A little more than 400 days ago the Congressional Joint Select Committee on Deficit Reduction (Supercommittee) failed to reach agreement on a deficit reduction plan.  This failure put the government on a path to $1.2 trillion in automatic cuts over 10 years that were set to begin today.  This impending sequestration combined with the expiration of the so-called Bush tax cuts on December 31, 2012 have been described as the equivalent of falling off a “fiscal cliff” due to the devastating budgetary and economic effects that would be triggered if congress did not act. 

Yesterday, Congress passed a bill implementing an agreement to raise about $600 billion in tax revenues and delay the implementation of sequestration.  The Senate passed the bill late New Year’s Eve 89-8 as 40 Republicans joined 49 Democrats in voting for the agreement.  Then, after debating the deal for most of New Year’s Day, the House followed suit by approving the bill by a 257-167 vote.  In the House vote 85 Republicans joined with 172 Democrats to vote aye. 

Revenues:  The agreement makes permanent the Bush tax cuts for incomes below $400,000 for individuals and $450,000 for families. Taxes for earners above those amounts will increase.  Taxes on capital gains will rise to 20 percent from the current 15 percent for incomes above the $400,000/$450,000 threshold.  The estate tax (currently 35 percent) will increase to 40 percent for earners above $400,000/$450,000 for estates above $5 million.  In the future the estate tax income thresholds will be indexed to inflation. 

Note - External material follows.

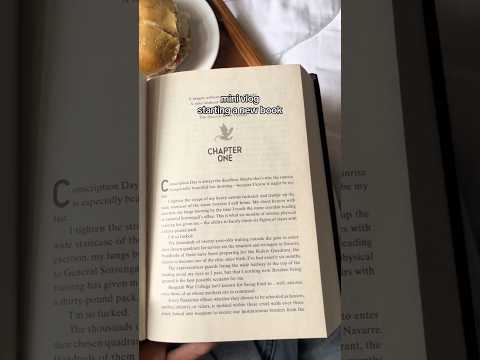 reading vlog - a cafe lunch and starting a new book #booktube #reader #fourthwing #readingvlog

The bill reimposes limits to tax deductions and exemptions for some earners.  Personal exemptions will be phased out at $250,000 and limits on itemized deductions will start at incomes of $300,000.

The agreement fixed the Alternative Minimum Tax (AMT) to keep millions of Americans from having to pay the AMT.  The Earned Income Tax Credit, the child tax credit, and the college tuition tax credit are extended for five years under the bill.  The bill extends for another year business tax credits for research and development and renewable energy, and the accelerated depreciation for investments in new property and equipment.

The payroll tax holiday, which for two years meant a reduction of 2 percentage points in the employee contribution to Social Security, was not extended in the agreement.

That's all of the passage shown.